Once a problem primarily in developed, Western nations, atherosclerosis is on the rise in developing countries and has become a major cause of morbidity and mortality worldwide. As the burden of atherosclerosis has shifted geographically and socioeconomically, the way in which the disease is approached and treated has shifted as well. Peter Libby, MD, a cardiovascular medicine specialist at Brigham and Women’s Hospital, has helped drive the latter of these changes.
The author of more than 1,000 peer-reviewed studies, reviews, chapters and other publications over the past 40+ years, Dr. Libby has made the study of atherosclerosis his life’s work, translating basic bench science to clinical applications and transforming patient care.
“I enjoy working on big problems, and atherosclerosis is a big problem,” he said. “No longer is the classic case a middle-aged white male with hypertension and hypercholesterolemia who smoked cigarettes. Now, the disease affects younger people and more women than previously.”
Evolving Concepts of Atherogenesis
For decades, atherosclerosis was viewed as a lipid storage disease: Fat builds up in an artery wall and pinches the blood vessel, causing a lack of blood flow that leads to a heart attack or stroke or jeopardizes the viability of a limb.
Dr. Libby has deconstructed that notion by calling attention to the role of inflammation in atherosclerosis and identifying the mechanisms by which atherosclerotic lesions can cause blood clots by bursting plaques open or otherwise disrupting the lining of arteries instead of gradually clogging the vessels with fatty deposits.
“Rather than elevated low-density lipoprotein (LDL) cholesterol, an elevation in triglyceride-rich lipoproteins (GRL) and low high-density lipoprotein (HDL) now comprise the major pattern of lipid abnormality in many patients who are treated for atherosclerotic cardiovascular disease,” he wrote in a recent review published in Nature.
In addition to reassessing lipid risk factors, Dr. Libby has focused on inflammation as a driver of atherosclerosis. Inflammation does not supplant or demote risk due to lipids or other traditional factors. Rather, inflammatory responses provide a series of pathways that link them to atherosclerosis.
Cardiovascular Benefits of Targeting Inflammation
Dr. Libby’s review article in Nature points to recent evidence showing that targeting inflammation can reduce cardiovascular events even in individuals who have already been treated with a full panel of effective standard therapies. One such piece of evidence is a study he instigated and helped to lead, which was the first large-scale clinical trial targeting inflammation. This study in over 10,000 patients used a monoclonal antibody to block the action of the proinflammatory cytokine interleukin-1 beta (IL-1β).
The trial demonstrated that patients with previous myocardial infarctions who were receiving the full complement of standard of care were able to reduce recurrent events by 15 percent with the anti-inflammatory therapy. Moreover, in patients whose inflammation had a better than average response to the treatment, deaths due to cardiovascular disease decreased by over 30 percent, as did deaths due to all causes — a result Dr. Libby called “the holy grail” of clinical trials.
“I started investigating IL-1β in 1986 and have spent decades studying inflammation as a lesion-producing mechanism,” Dr. Libby said. “The link between risk factors and the way in which lesions cause clinical events is not at all what people used to think — that fatty plaque grows until it blocks a blood vessel.”
According to Dr. Libby, this trial and those that followed showed the benefit of blocking various aspects of inflammatory response. “For generations, clinicians have tried to treat atherosclerosis by bypassing blockages with surgery, squeezing them with angioplasty or propping arteries open with stents,” he said. “These interventions are good for relieving blood flow blockages and hence chest discomfort symptoms [angina]. However, they generally don’t prevent heart attacks because they don’t address the underlying abnormalities in the atherosclerotic plaque that actually cause sudden blood clot formation.”
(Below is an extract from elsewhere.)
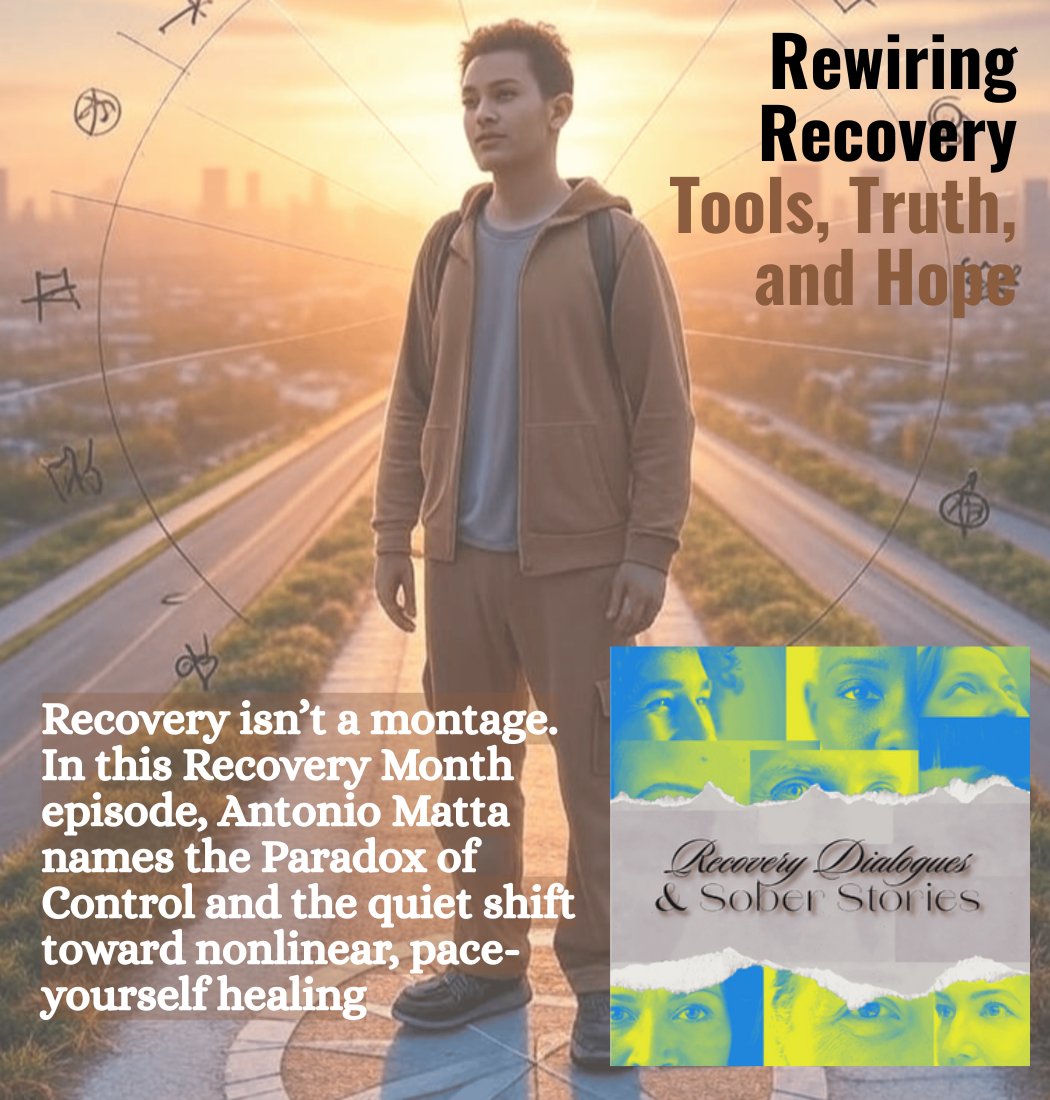 Pcast_ol's tweet photo. Rewiring Recovery Tools, Truth, and Hope

@RamAntMatta @pds_ol @tpc_ol @foa_ol @sports_ol

Recovery Dialogues &amp; Sober Stories delves into various aspects of addiction, mental health, treatments and recovery.

https://t.co/Zz54y3AkwO https://t.co/0ehLtu3H5F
One Foot in Basic Science, the Other in Clinical Practice
Libby and his colleagues at the Brigham have followed his IL-1β research with new studies of anti-inflammatory strategies such as interleukin-6 (IL-6), a “messenger” cytokine that may confer anti-inflammatory benefits while leaving host defense mechanisms intact. Other groups have explored the use of colchicine, an anti-inflammatory medicine used in gout.
Dr. Libby, with Brigham colleagues Aruna D. Pradhan, MD, MPH, MSc, and Paul M. Ridker, MD, MPH, is also conducting a large investigation in patients with high triglyceride concentrations using a novel agent that can be combined safely with statins.
“Like many of my colleagues here at the Brigham, I have one foot in basic science and the other in clinical practice,” Dr. Libby said.
Dr. Libby’s work reflects the Brigham’s leadership in cardiovascular research and patient care. The hospital is one of the few academic centers in which basic science labs doing fundamental research collaborate with large-scale clinical trial groups to bring research advances to patients in a seamless fashion. Patients at the Brigham are able to take advantage of resulting new therapies, and the work is informing guidelines and changing clinical practice worldwide.